If the random variables $X,Y$ and $Z$ have the means $\mu_{x}=2,\mu_{y}=-3 \text{ and } \mu_{z} = 4$ the variances $\sigma_{x}^{2}=3,\sigma_{Y}^{2}=2 \text{ and } \sigma^{2}_{z}=8 \text{ and } \\\text{cov}(X,Y) =1,\text{cov}(X,Z) = -2 \text{ and } \text{Cov}(Y,Z) = 3, \text{ find }$
The covariance of $U$ and $V= 3X-Y-Z.$
$U =71$
How does one get the answer$-54?$
I know that one is suppose to use the formula $\sigma_{xy}= \mu^{'}_{1,1}-\mu_{x}\mu_{Y}$
I know one needs to multiply in a certain way in order to derive the answer. However the process of deriving the exact formula eludes my comprehensions. Any tips on deriving the formula would be beneficial.

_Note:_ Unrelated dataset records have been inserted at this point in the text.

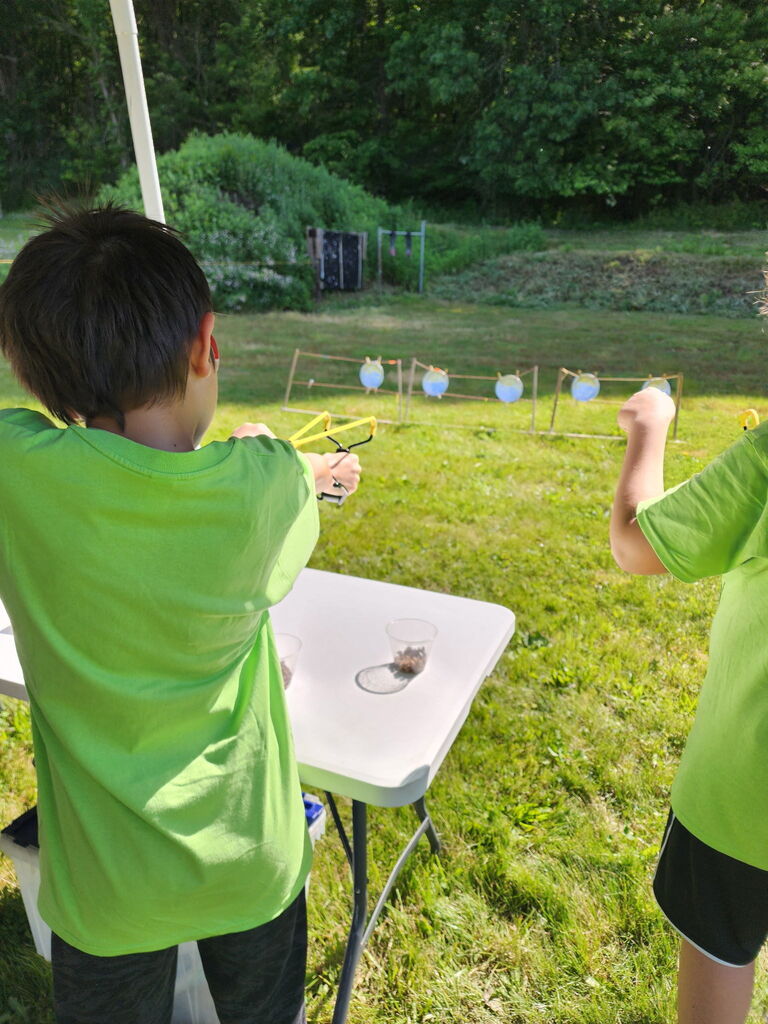 Connor taking aim at a target with a slingshot
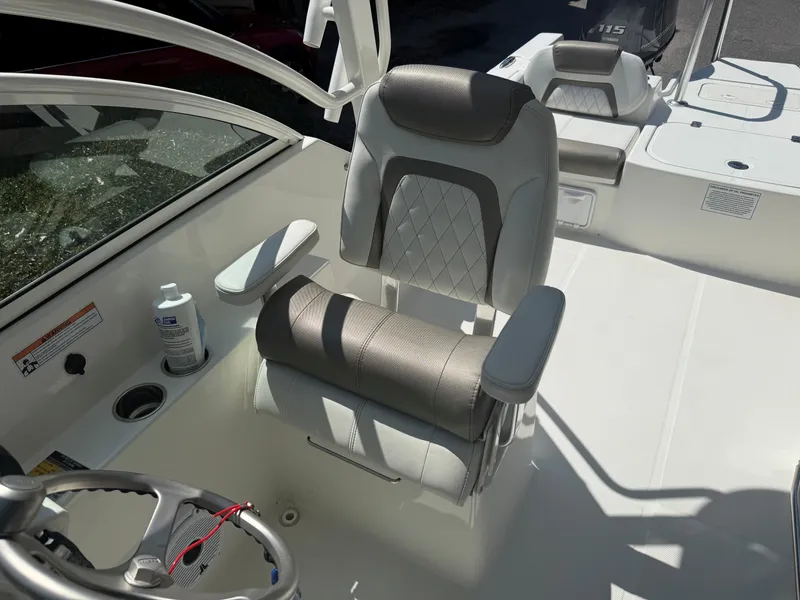 Slide: The Image of A modern boat seat with padded armrests and a sleek steering wheel in a World Cat 230 DC. - 7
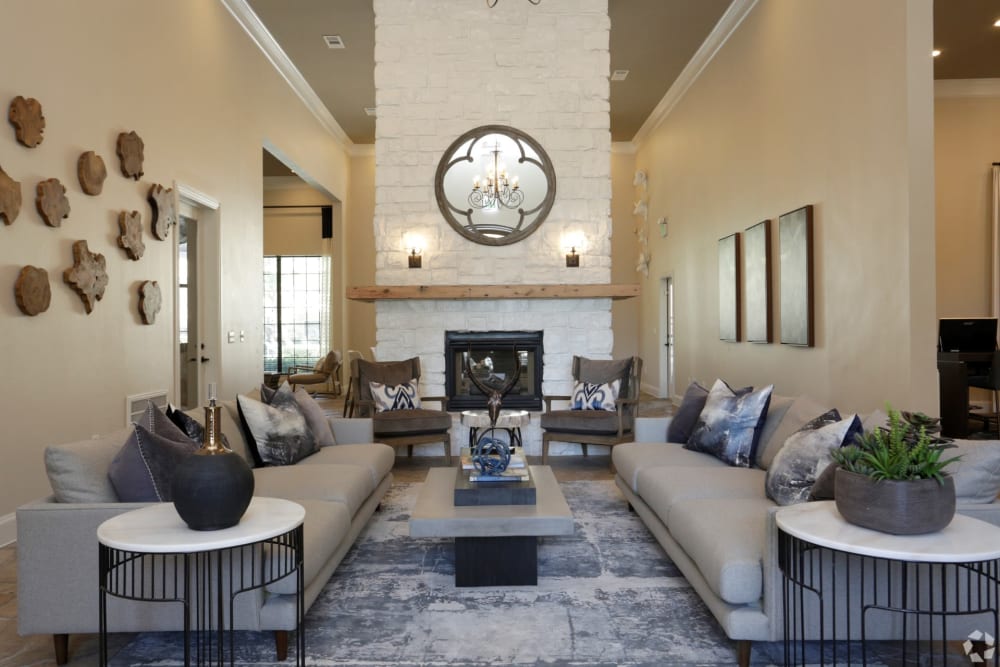 Upscale clubhouse with a fireplace at The Columns at Westchase in Houston, Texas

Hint: $cov(X-2Y+4Z,3X-Y-Z)$
Just multiply each summand of the first random variable by each summand of the second variable. The constants (numbers) can be factored out.
$=3cov(X,X)-cov(X,Y)-cov(X,Z)-6cov(X,Y)+2cov(Y,Y)-4cov(Y,Z)$
$+12cov(X,Z)-2cov(Y,Z)-4cov(Z,Z)$